After a stormy three-way affair, several parents can lay claim to minister's long overdue baby

January 23, 2003

*No state funding for under 5-rated research *New 6-rating for super-elite *Students to vets quality

A succession of ministers, advisers and experts have had a hand in the higher education white paper, but only a few can claim to have left their mark.

Government plans to hold a brief internal review of existing literature on higher education to be published early last year collapsed after ministers woke up to the scale of the challenge.

From the outset the review was a tripartite affair, with No. 10 and the Treasury contributing officials, evidence and politics to a process over which the Department for Education and Skills was nominally in charge.

Prime minister Tony Blair pushed the student-support issue early on, declaring that it was the cause of voter dissatisfaction during the 2001 general election campaign. Mr Blair wanted a review of student support - then separate from the strategy review - but the No. 10 line was in favour of higher fees and the funding of a tier of elite research universities.

Adviser Andrew Adonis, former Oxford academic and Liberal Democrat, was behind much of this. And with top-up fees and the tier of 6*-rated “superversities” confirmed, he clearly made a mark.

Mr Brown made early running too when he condemned the decision by Magdalen College, Oxford, to refuse a place to state-school pupil Laura Spence.

Mr Brown was influenced by people such as the millionaire philanthropist Peter Lampl. Policies such as university outreach schemes with local schools figure strongly in Mr Lampl’s agenda and now in the white paper.

Both No. 10 and the Treasury were influenced by the ideas of economists such as Nicholas Barr and Iain Crawford from the London School of Economics.
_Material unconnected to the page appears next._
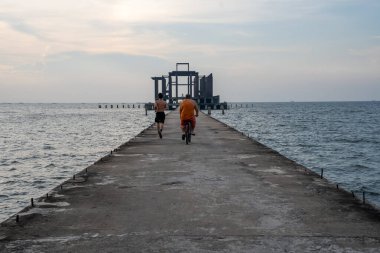 Tayland 'da Naklua Bölgesi Chittaphawan Keşiş Koleji, Sony ILCE-7M4 ve Sony Lens FE 24-70mm f / 2.8 GM II ile fotoğraflanmıştır.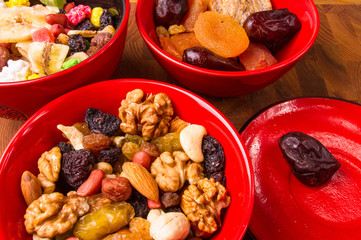dried and fresh fruits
They advocated a graduate-contribution scheme that levied a higher rate of interest on graduate repayments. This is more or less what is in the white paper.

There were two notable influences on widening participation. First, Claire Callender, professor of social policy at South Bank University. The removal of upfront fees and restoration of means-tested grants are testament to her influence.

Second, Wendy Piatt from the Institute for Public Policy Research, whose widening-participation work can be credited with the return of grants for students.